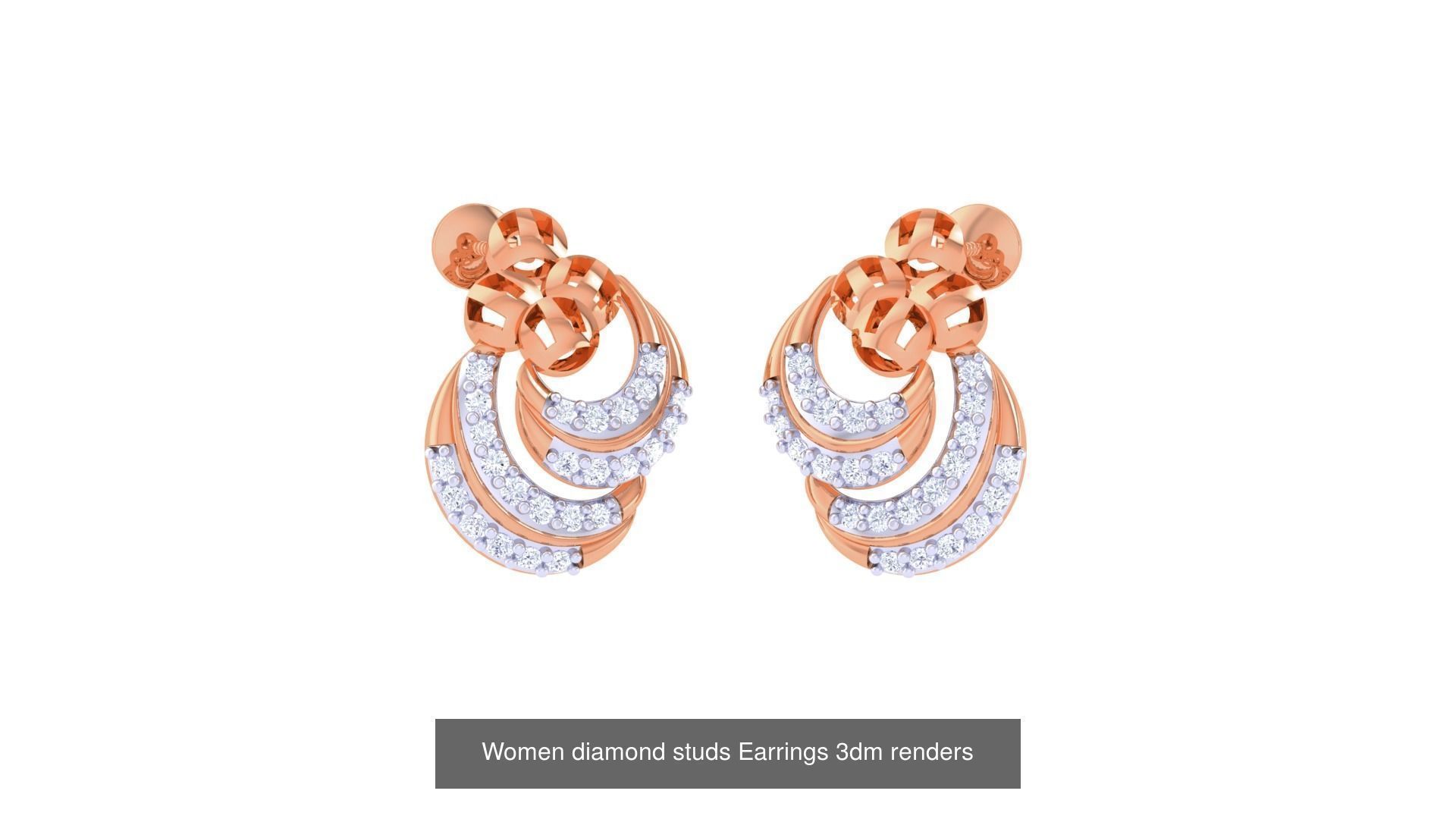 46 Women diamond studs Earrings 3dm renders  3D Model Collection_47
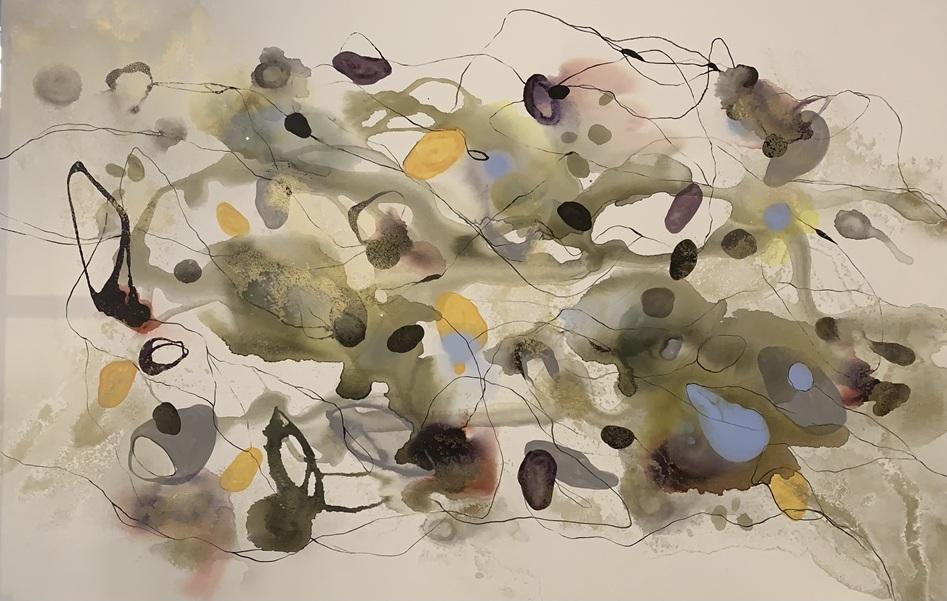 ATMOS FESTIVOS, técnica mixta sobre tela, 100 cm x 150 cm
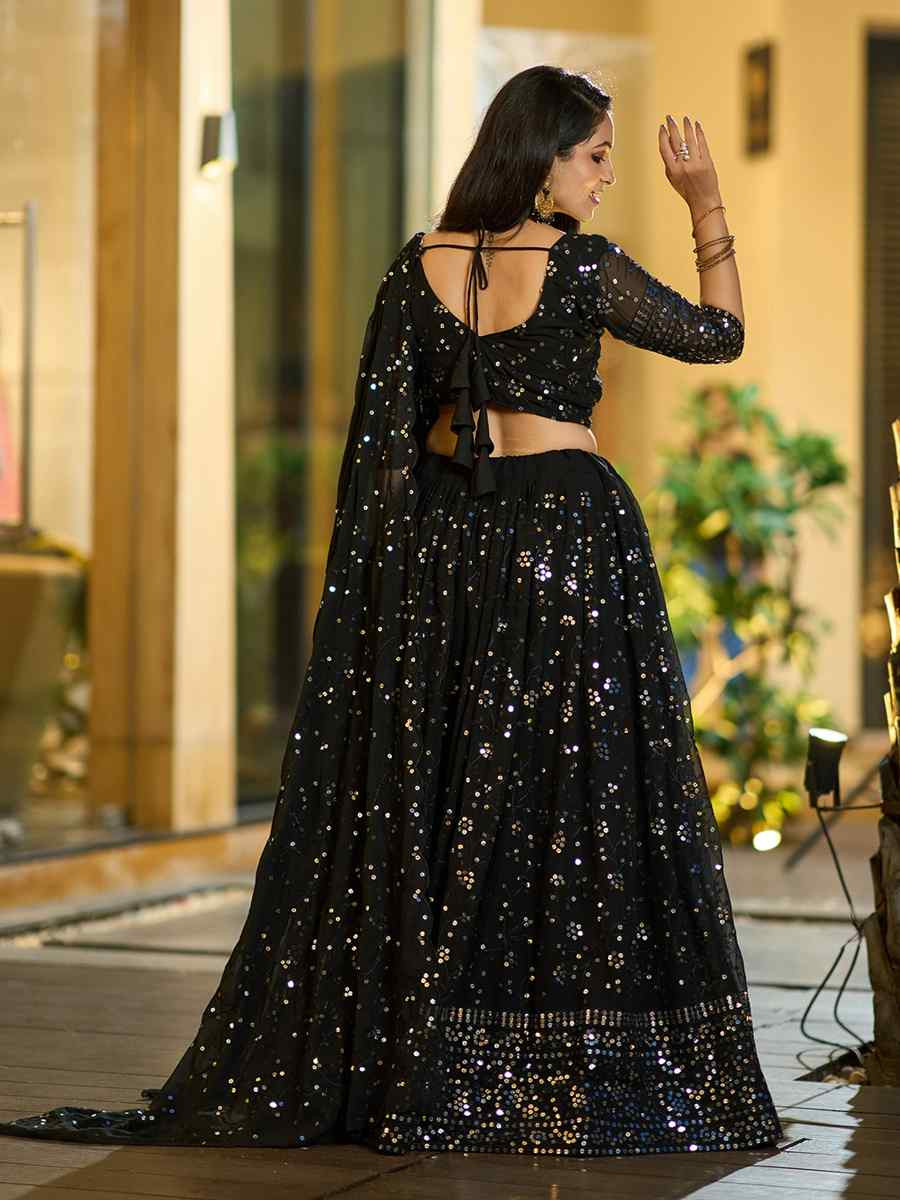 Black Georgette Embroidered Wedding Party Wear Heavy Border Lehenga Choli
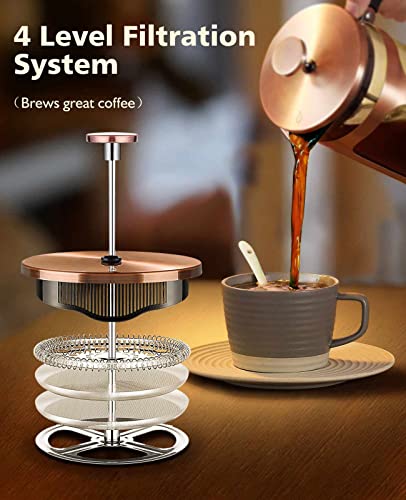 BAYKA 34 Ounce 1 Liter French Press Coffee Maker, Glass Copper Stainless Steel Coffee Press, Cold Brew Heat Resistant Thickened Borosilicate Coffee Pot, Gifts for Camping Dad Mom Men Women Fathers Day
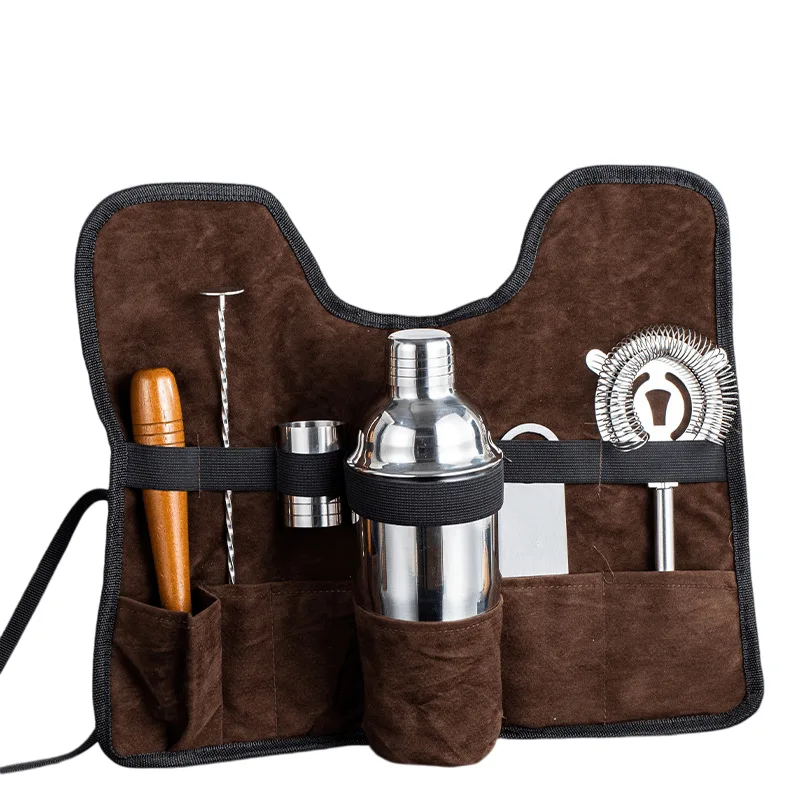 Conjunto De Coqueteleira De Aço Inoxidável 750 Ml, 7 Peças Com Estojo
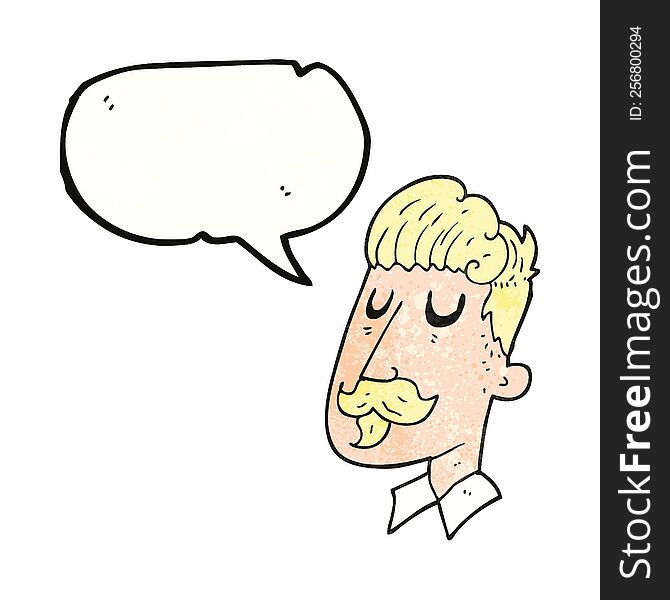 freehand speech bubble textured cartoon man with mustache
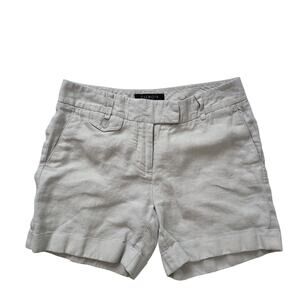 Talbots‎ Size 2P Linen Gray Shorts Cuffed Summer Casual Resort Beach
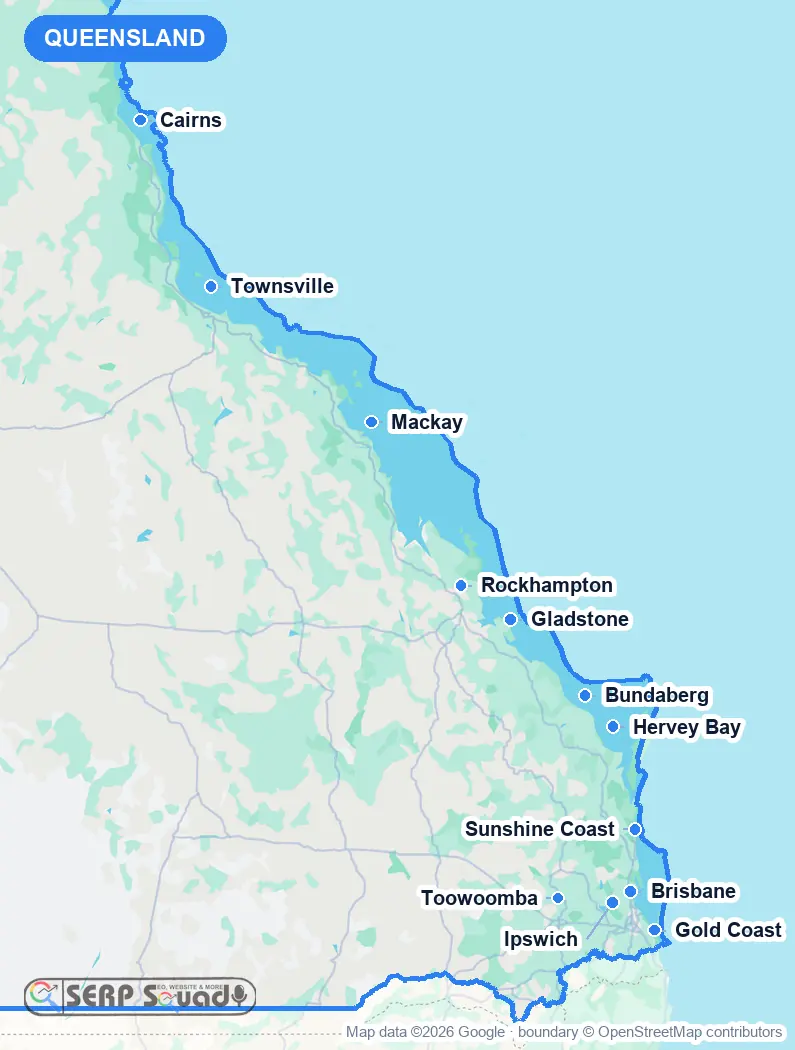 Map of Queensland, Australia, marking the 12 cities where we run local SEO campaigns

....................

**Work to complete**.
Would you copy each line above exactly as given, dropping any images?

**Task response**.
 46 Women diamond studs Earrings 3dm renders  3D Model Collection_47
 ATMOS FESTIVOS, técnica mixta sobre tela, 100 cm x 150 cm
 Black Georgette Embroidered Wedding Party Wear Heavy Border Lehenga Choli
 BAYKA 34 Ounce 1 Liter French Press Coffee Maker, Glass Copper Stainless Steel Coffee Press, Cold Brew Heat Resistant Thickened Borosilicate Coffee Pot, Gifts for Camping Dad Mom Men Women Fathers Day
 Conjunto De Coqueteleira De Aço Inoxidável 750 Ml, 7 Peças Com Estojo
 freehand speech bubble textured cartoon man with mustache
 Talbots‎ Size 2P Linen Gray Shorts Cuffed Summer Casual Resort Beach
 Map of Queensland, Australia, marking the 12 cities where we run local SEO campaigns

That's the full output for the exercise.